牧場のエサ箱に切り紙のダチョウが貼ってあります。
これは亡くなったおじさんが切ったものです。
子供が好きで、イベントや様々な機会に子供に切って見せて、驚かせたり楽しませたりすることが大好きな人でした。
末期がんの病床にあっても、大きな体を小さく曲げて、繊細な切り紙を作り、病室を飾りつけてお見舞いに来る私たちに見せてくれました。
きっと、お見舞いに来る私たちに暗い顔になってほしくなかったのでしょう。
父親が単身赴任であまりいなかった私に、時に父親のように愛情を注いでくれ、この牧場で色々な遊びを教えてくれました。
乗り物の限界速度についての色々な経験もさせてくれて、私のスピード感覚を少しおかしくなったのも、このおじさんのおかげです(笑)
子供たちを楽しませることに全力で、私や兄弟、いとこたちもおじさんのことが大好きでした。
ダチョウの卵を使った生クリームとメープルシロップがたっぷり乗ったホットケーキを作って「どうだ、うまいだろ」と食べさせてくれたことが忘れられません。とっても甘くて幸せな思い出です。
このGW期間中、たくさんの子供たちの笑顔が牧場にあふれている様子を見せられたら、どんなに喜んでくれるだろうかと思います。



「おとなは、だれも、はじめは子供だった しかし、そのことを忘れずにいるおとなはいくらもいない」
これはサン=テグジュペリ、星の王子さまの有名な書き出しです。
この言葉は国立精神・神経センターという病院で黎明期から長年児童精神の領域で臨床心理士として働かれていた私の尊敬する恩師が、大学教授を退官される記念講義で私たちに教えてくれた言葉です。

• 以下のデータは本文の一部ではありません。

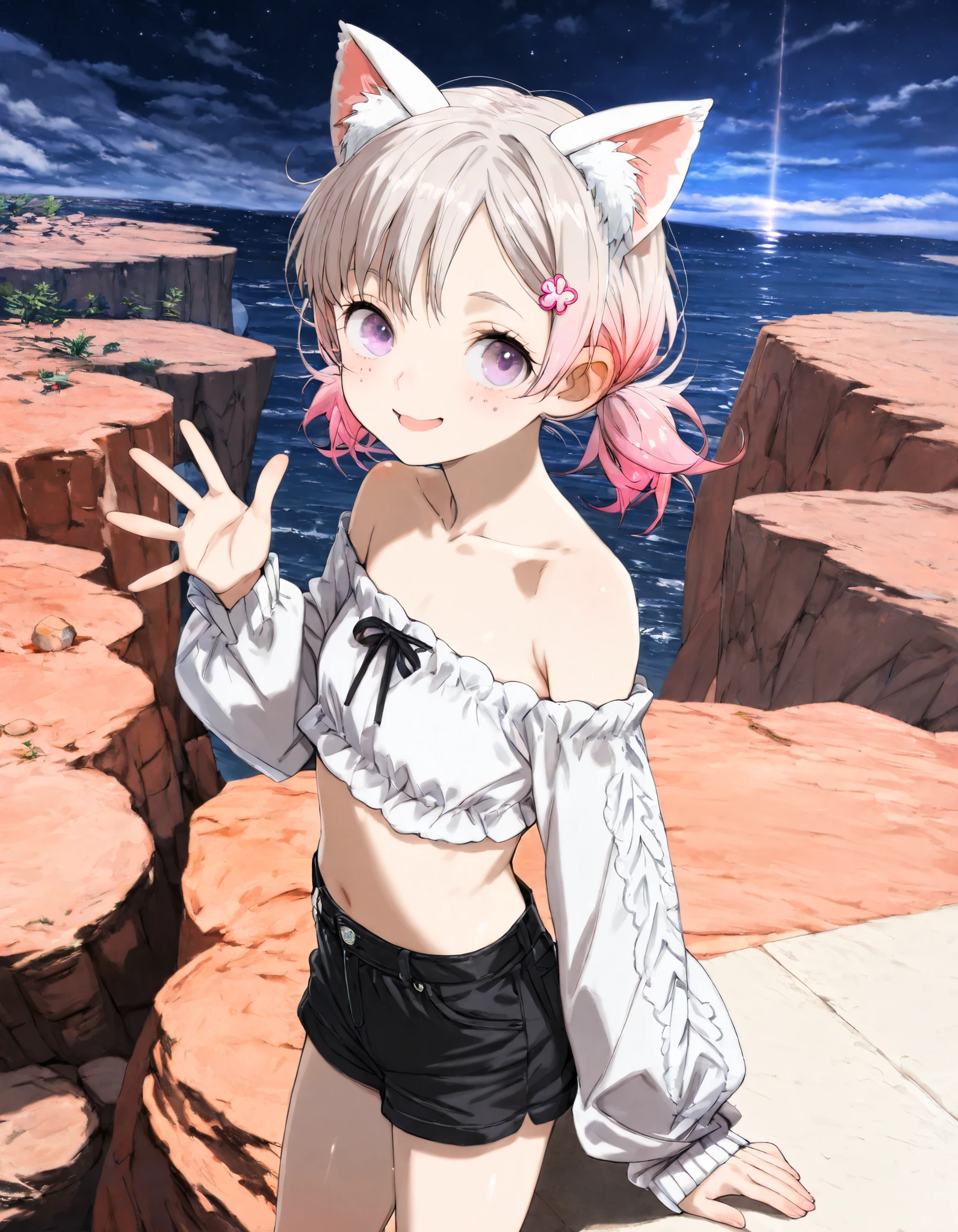 ((toi8 style)), ((Masterpiece)), ((best quality)), (8K), (detailed background:1.2), (super detail:1.2),(High Definition:1.3), (Professional Photography:1.2), (very aesthetic:1.2), (absurdres:1.2), (sharp focus), ((1girl)), e young Girl, (Textured skin), Big eyes, (pale purple eyes, gradient eyes looking at side), platinum-gold hair, (Asymmetrical bangs), gradient hair, (pink color Hair Tip), (short pigtails, low pigtails), (small breast, Healthy body), ((naughty smile)), open mouth, (cute cheeks), glossy lips, pouty lips, (lower eyelashes), (tilt head), (put on cat ears), Beautiful collarbones, BREAK, ((Off-shoulder white long sleeves, Cute ruffles, strapless)), black short pants, waving hand, (standing on the Beautiful Cliffs), outdoors, at midnight, moonlight,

この言葉をときどき思い出し、どんな時でも、子供の心を持ち続けることは本当に難しいことですが、自分が子供だったこと、弱く小さいものであったことを忘れないでいたいと思っています。
私たちはこのコロナ禍の中、どれだけ子供の心に思いを寄せられているのでしょう。
昨年の小中高校生の自殺者数は過去最多の479人でした。
春休み明けや夏休み明け、GW明けというのは統計上、自殺する子供が増える傾向にあります。
どうしても社会が暗い話題ばかりで笑顔を見せることが大変なお父さん、お母さんが多いのだと思います。

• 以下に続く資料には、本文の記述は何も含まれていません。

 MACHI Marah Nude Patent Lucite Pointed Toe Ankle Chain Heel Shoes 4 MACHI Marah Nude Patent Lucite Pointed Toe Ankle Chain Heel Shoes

けれども、休み明けの気分が暗くなりがちな子供たちの心が明るくなれるよう、少しでも明るい笑顔を見せてあげてほしいなぁと願っています。
だちょうさんたちの力を借りて、できるだけ私も牧場にいらっしゃる方々が笑顔になれるようこれからも精進しなくてはいけませんねぇ。
子供だけでなく 皆を笑顔にしてくれるダチョウさんに感謝です。